Dom Nicastro: Paul, what have you seen in terms of how marketers are grasping the concepts of AI?
Paul Roetzer: If the litmus test is, you’re a marketing manager or marketing director, and your CMO says, I keep hearing about AI, can you explain to me what it is and how we could be using it? If that’s the litmus test, I would be shocked if the percentage of marketers who could answer those questions intelligently right now with no research is higher than 5%.
So, I truly don’t think that the marketers, even the ones who are using it, even in the big enterprises who are applying it in certain ways, I don’t know that they really understand what machine learning is. Is it different than deep learning? What is natural language generation?
There’s probably like seven to 10 fundamental definitions or applications you really need to understand as a marketer to understand what’s possible. You don’t have to build machine learning algorithms. You don’t have to be a deep learning expert. But to understand what’s possible, to look at problems differently, I would be shocked if it’s more than 5% of the industry. Shocked.

Dom Nicastro: There’s a lot of ground to gain then. Let’s try to boost that to 10% next year.
Paul Roetzer: That’s the opportunity. If you’re a marketer, you’re like I don’t really know that stuff. This is scaring me. That’s the point, though. We’re at the beginning. Everything we’re talking about today, everything else we will cover on this podcast, it’s just the beginning. Everyone’s at the same point you’re at if this is all new to you.
Rich Hein: It sounds like there should be low-lying fruit.
Paul Roetzer: What we always tell people is, there are two fundamental ways to think about getting started with AI. One is, as you alluded to earlier, just make a list of all the things you do every day, every week, every month, and then have a column that says how many hours you spend doing those things. And then have a column that kind of indicates how repetitive is it. Is this something that seems like I would be able to automate?
And you kind of go through and start picking these things off that you’re spending all this time doing or that your team is spending all this time doing. And then literally just Google AI for … whatever that thing is you want to do. That’s a use-case level way to do it. You’re just finding tasks or use cases that you spend a bunch of time doing that someone may have built a tool to intelligently automate.

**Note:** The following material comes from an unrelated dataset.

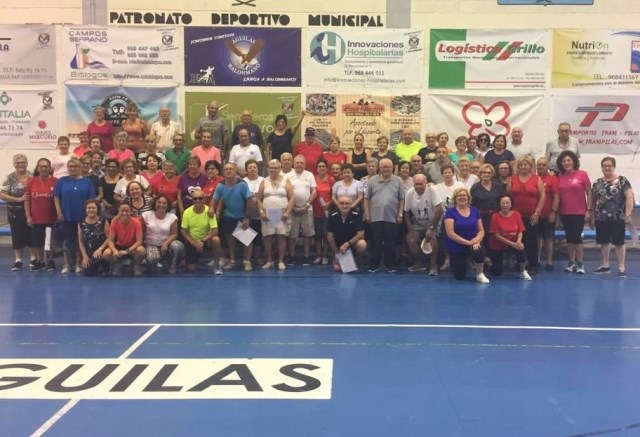 Comienza una nueva edición del curso de gerontogimnasia dirigido a los socios del Centro Municipal de la Tercera Edad en Águilas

The other path is look at problems you have in your organization. So if you think about customer experience and you start thinking about our churn rate is too high or we’re not converting enough leads or like bigger problems. How have we tried to solve this before?
And you look at all those solutions matrix and you say, well, are there smarter ways to solve this? Is there tech out there we’re not even thinking about that might make us way better at our job help us be more efficient and smarter? And those are kind of the two fundamental ways to think about piloting and adopting AI.